* [WHAT YOU HAVE TO DO]:
Return the lines beginning at the one that contains "高频pcb板制作需要注意的八个方面" and running to the end of the records, exactly and with nothing else. Omit pictures.

--*--

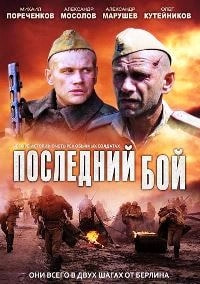Последний бой (сериал 2012) poster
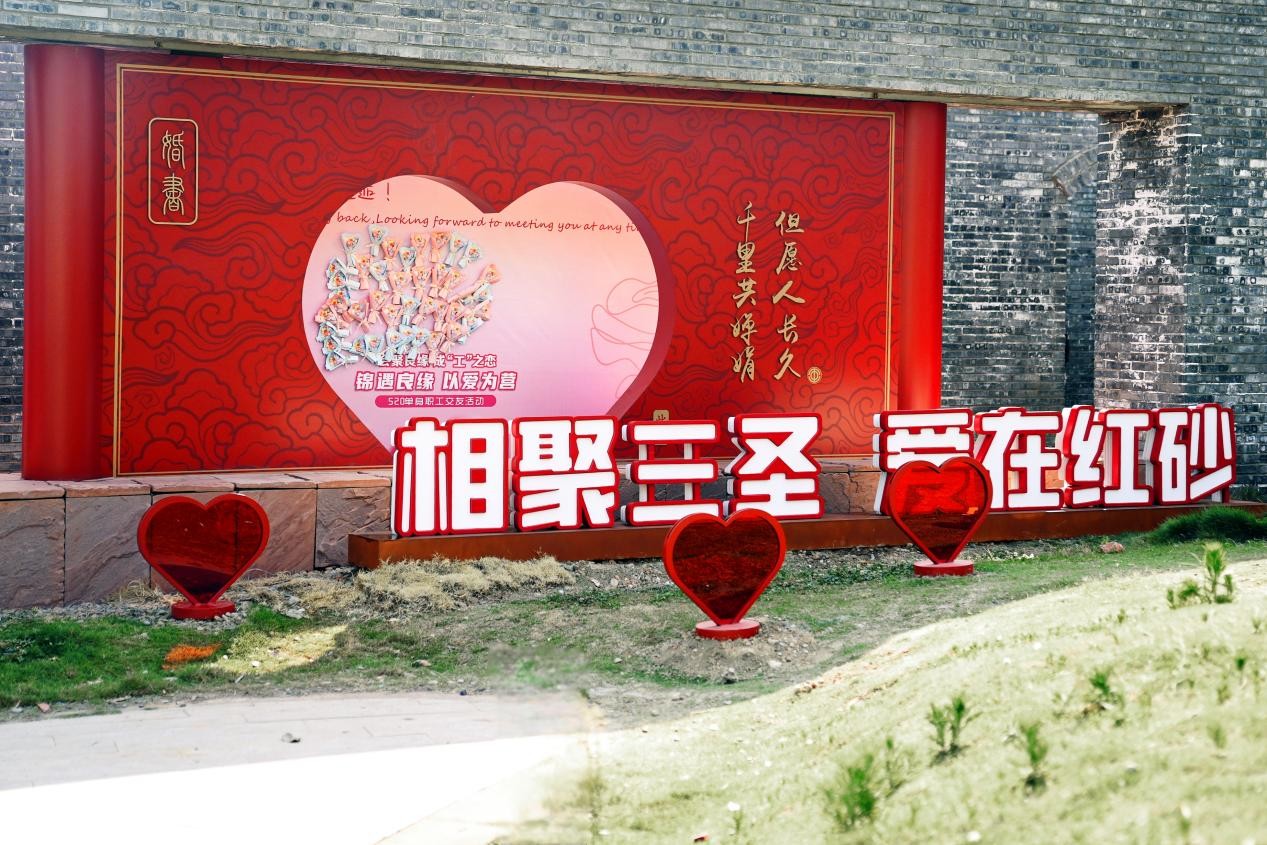 婚恋1
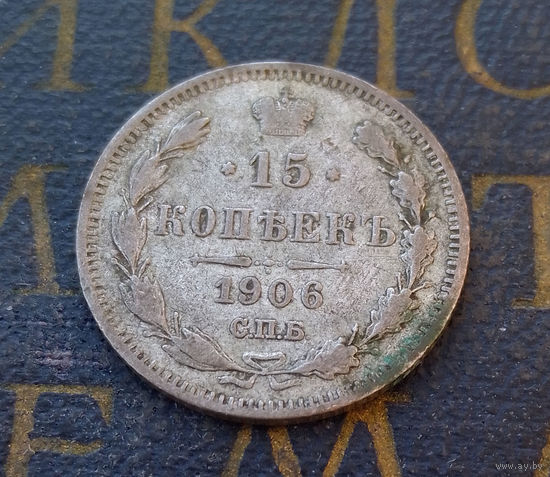 15 копеек 1906 ЭБ Российская Империя #044-A2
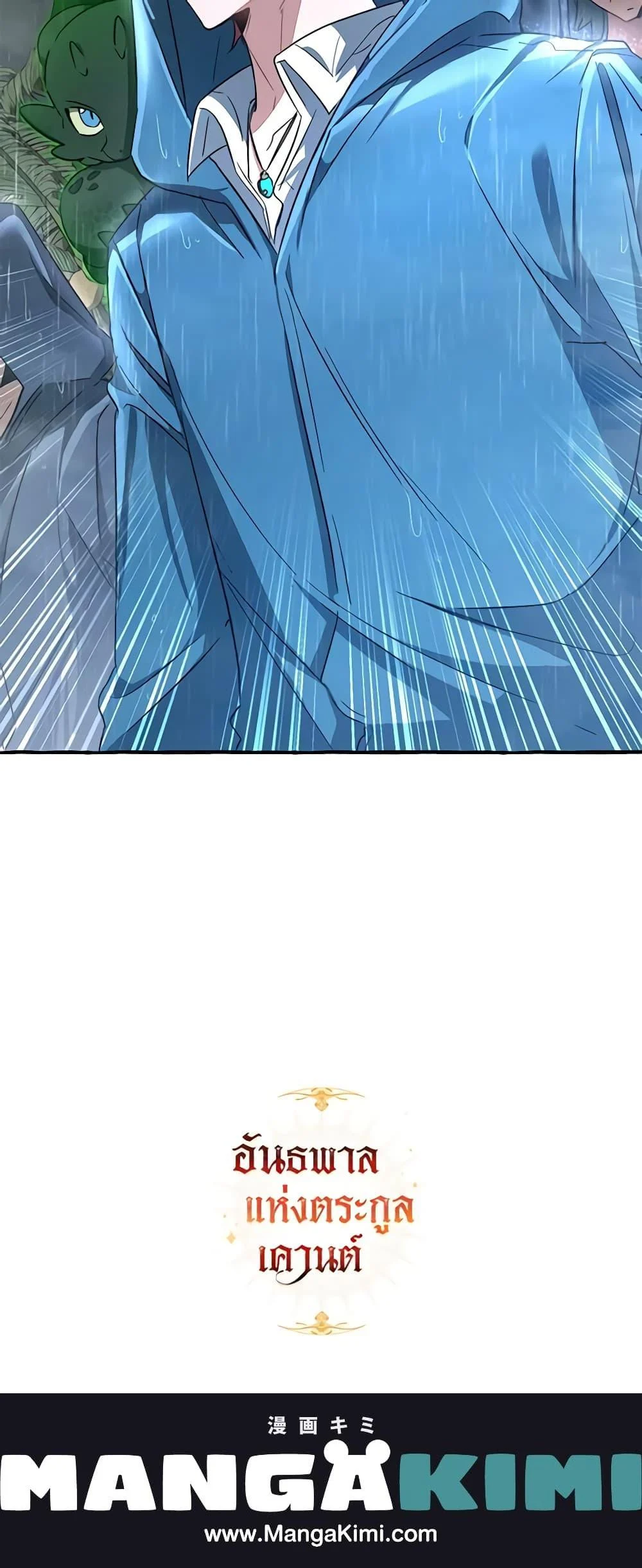 Trash of the Count’s Family คุณชายไม่เอาไหนแห่งตระกูลเคานต์ ตอนที่ 105 page 20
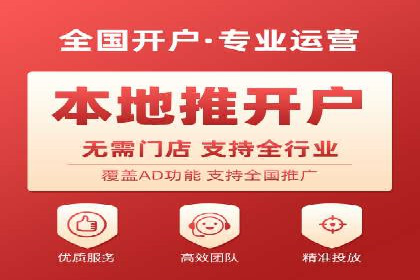 信息流广告投放案例：打造爆款产品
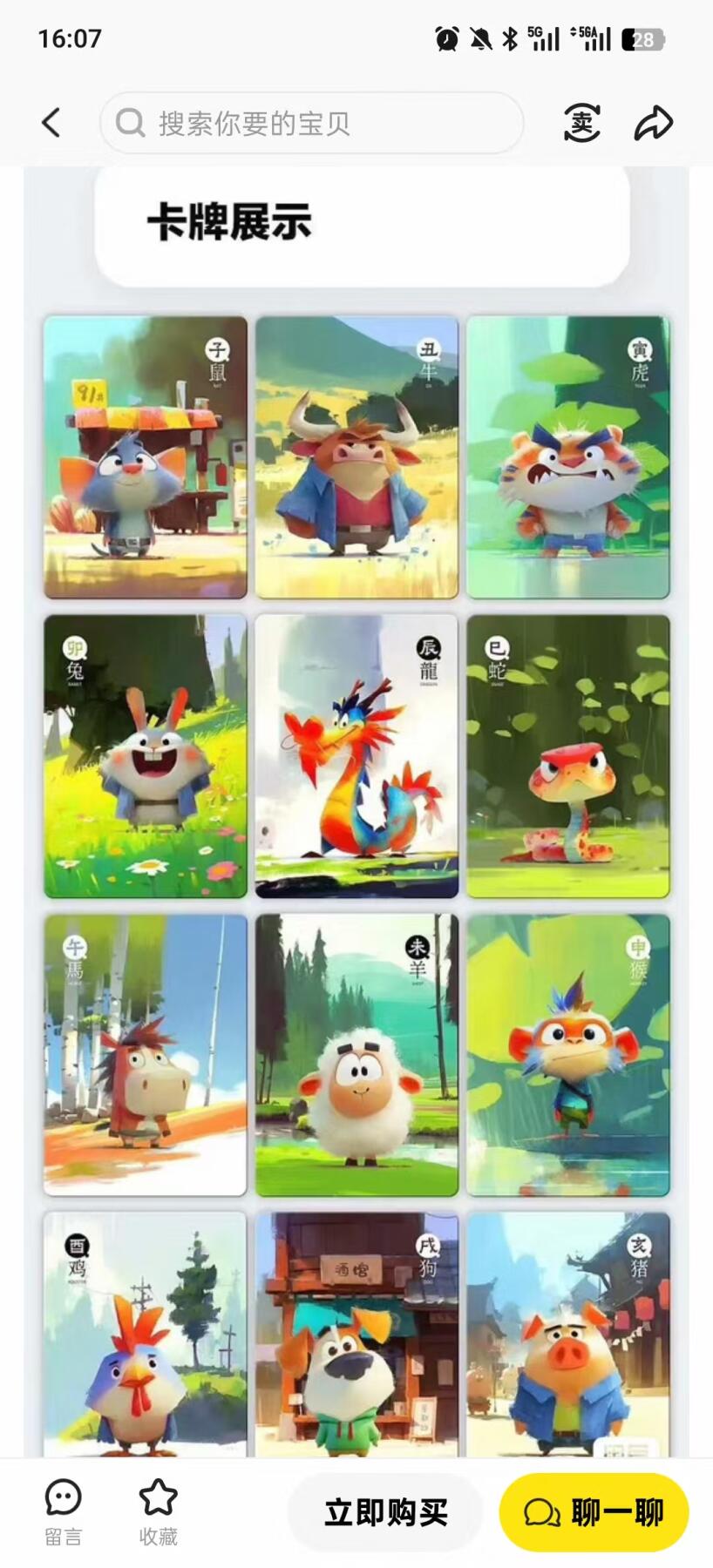 寸草不生拍卖 蛇年第一期 布丁小剧场 十二生肖 原创收集卡牌 十二生肖普卡 未拆封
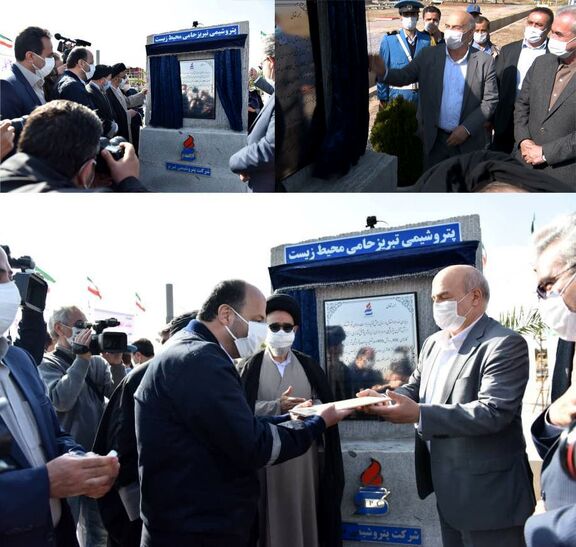 پتروشیمی تبریز؛ صنعت سبز بدون آلودگی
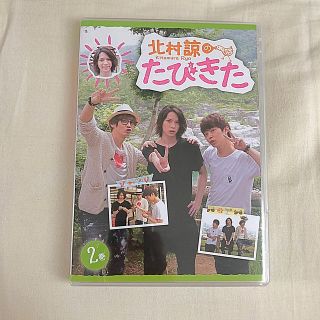 北村諒のたびきた 2巻(男性タレント)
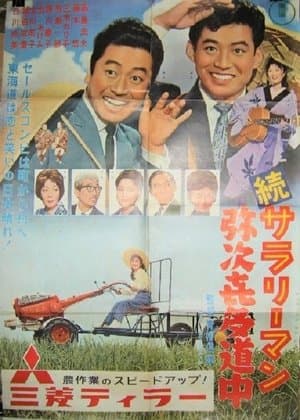 Zoku sararīman yajikita dōchū streaming
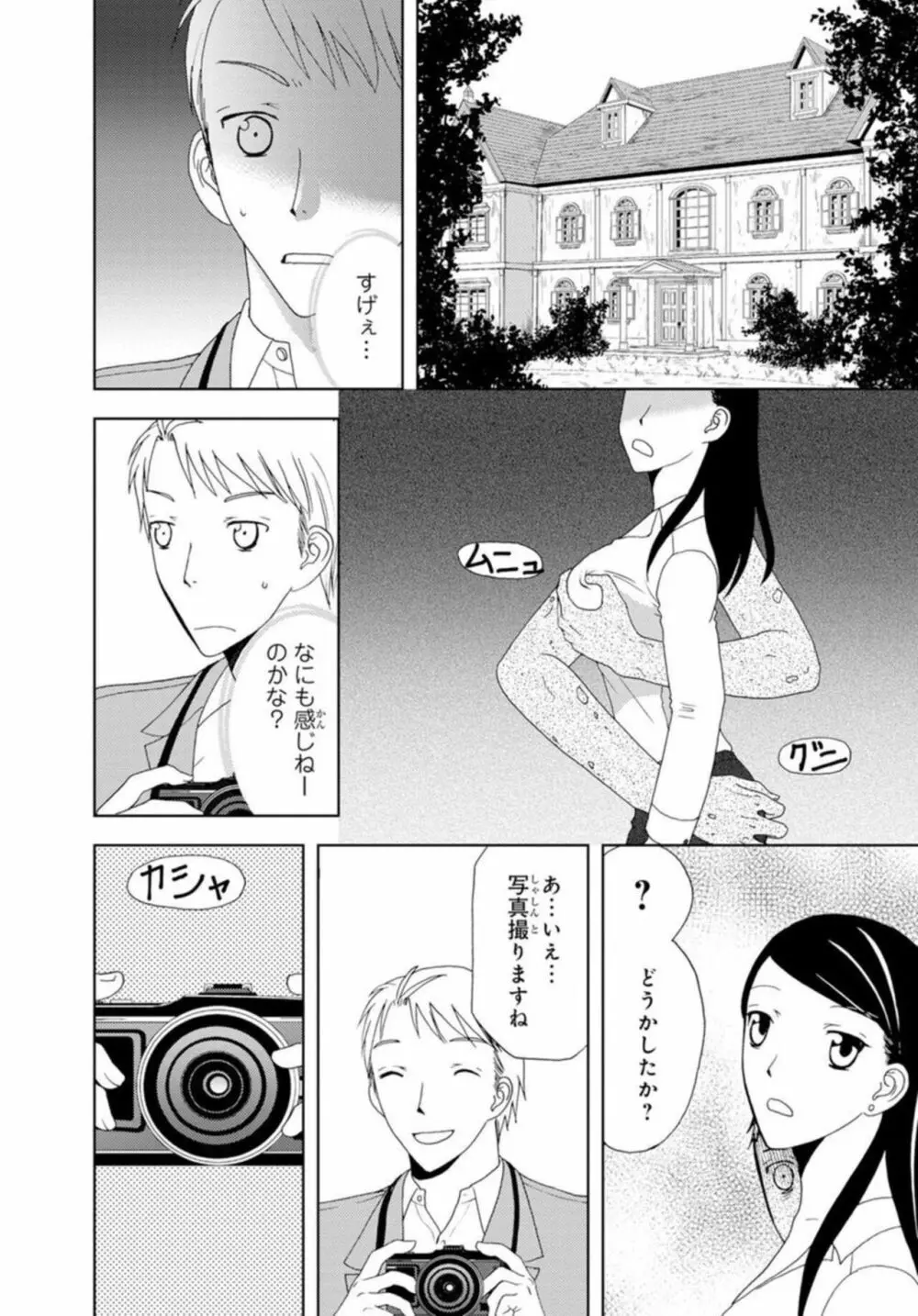 びしょ濡れ色情霊~絶倫上司とヤリまくり 1 Page.3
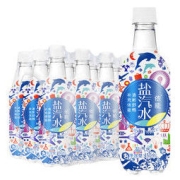 yineng 依能 盐汽水 气泡水 碳酸饮料 450ml*15瓶 整箱装 冷藏风味更佳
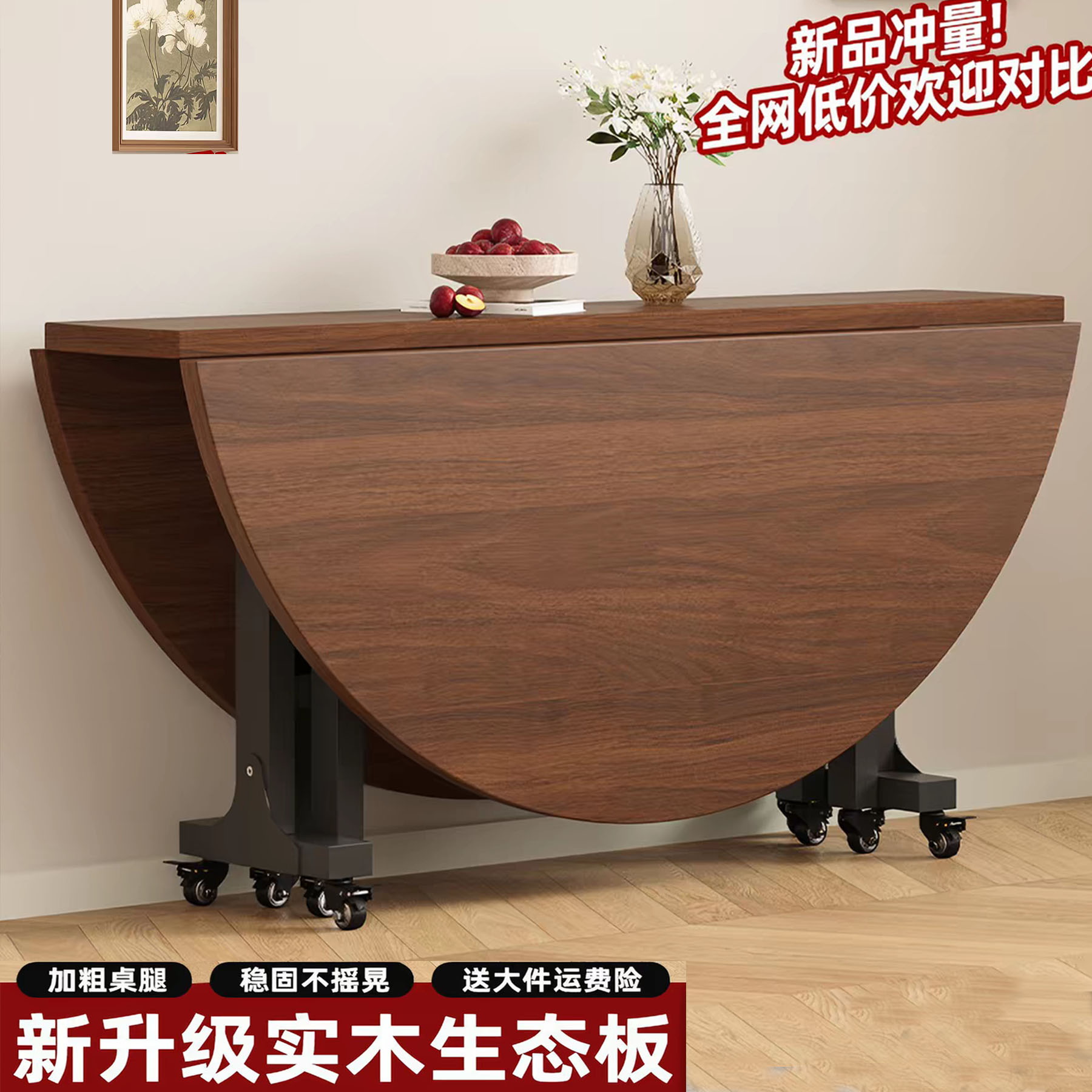 实木芯折叠桌家用桌子带轮移动圆形餐桌吃饭桌子转盘大圆桌可折叠图片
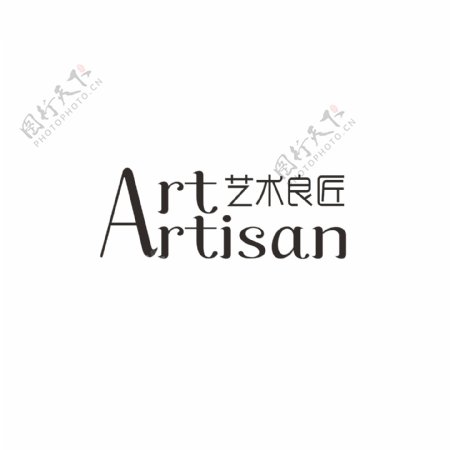艺术文化logo设计
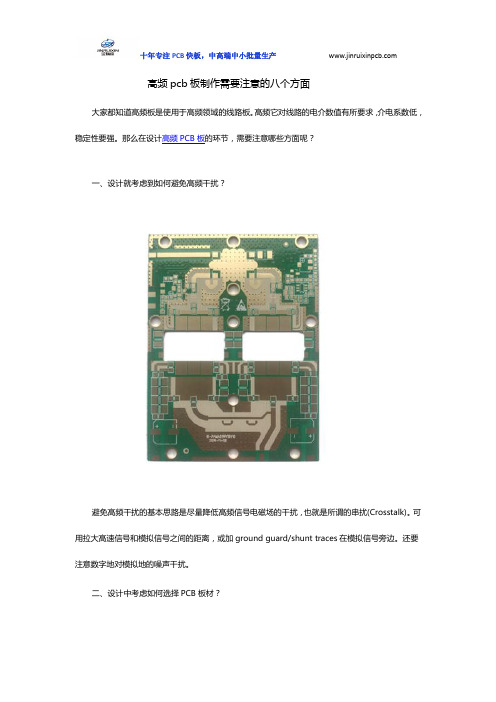 高频pcb板制作需要注意的八个方面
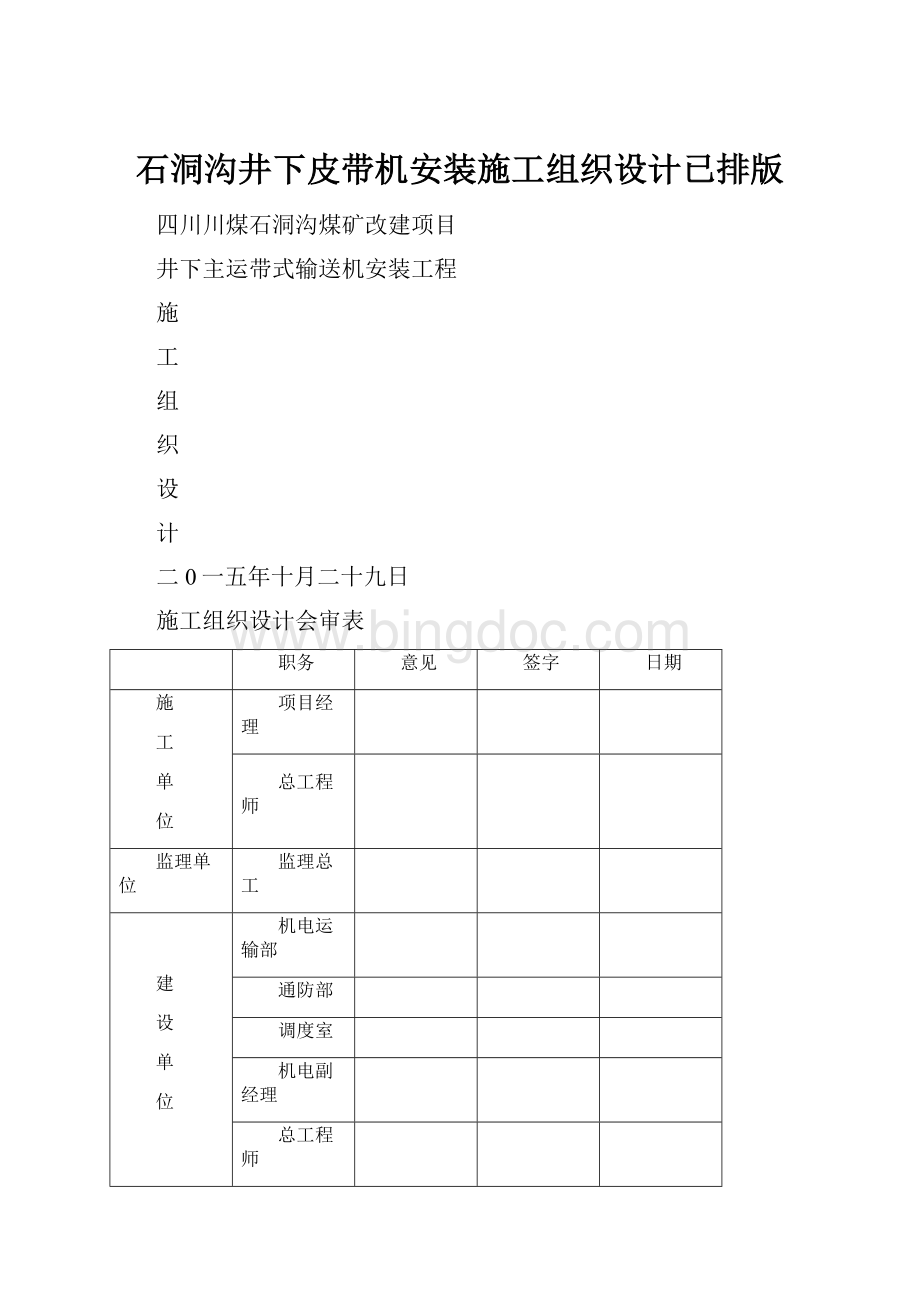 石洞沟井下皮带机安装施工组织设计已排版.docx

--*--

* [SOLUTION]:
 高频pcb板制作需要注意的八个方面
 石洞沟井下皮带机安装施工组织设计已排版.docx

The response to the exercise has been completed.